The controversial part is what to throw away. We drop everything that is not the ID: t= timestamps, list= and index= playlist context, si= share tokens, every utm_* and feature= param. Timestamps were the only debatable one — a deep link to 4:32 of a video is arguably distinct content — but for a discovery site the page is the video, not the moment, so keeping t= would just mint duplicate pages with offset players. If your product is clip-level (chapters, highlights), store the offset in a separate column instead of letting it leak into URL identity.

Slugs deserve one warning: they are presentation, not identity. Titles change after upload — clickbait A/B testing is rampant in trending content — so our router matches only on the 11-character ID prefix of the path and 301-redirects to the current slug if the slug portion is stale or missing. The slug can rot freely; the URL still resolves and link equity consolidates onto one address.
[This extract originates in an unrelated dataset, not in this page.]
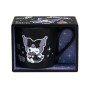 Чашка Kite Kuromi 400 мл, HK-3 (HK25-216-3) Чашка Kite Kuromi 400 мл, HK-3 (HK25-216-3)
Stage 3 One Row Per Video with SQLite UPSERT

The database schema enforces what the code promises. The UNIQUE constraint on video_id is the actual guarantee — application-level checks are a race condition with eight cron jobs writing on staggered schedules:

CREATE TABLE videos (
    id INTEGER PRIMARY KEY,
    video_id TEXT NOT NULL UNIQUE,
    canonical_url TEXT NOT NULL,
    title TEXT NOT NULL,
    slug TEXT NOT NULL,
    region_first_seen TEXT NOT NULL,
    regions_seen TEXT NOT NULL DEFAULT '[]',  -- JSON array
    fetch_count INTEGER NOT NULL DEFAULT 1,
    first_seen_at TEXT NOT NULL,
    last_seen_at TEXT NOT NULL
);

CREATE VIRTUAL TABLE videos_fts USING fts5(
    title, description,
    content='videos', content_rowid='id'
);
Enter fullscreen mode Exit fullscreen mode

The FTS5 table is an external-content index over videos, kept in sync by triggers (omitted here for length). This matters for dedup more than you would expect: before canonicalization, our FTS index carried every duplicate row, so a search for a viral title returned the same video four times with four different URLs. Collapsing the base table shrank the FTS index by roughly 30% and fixed result quality for free.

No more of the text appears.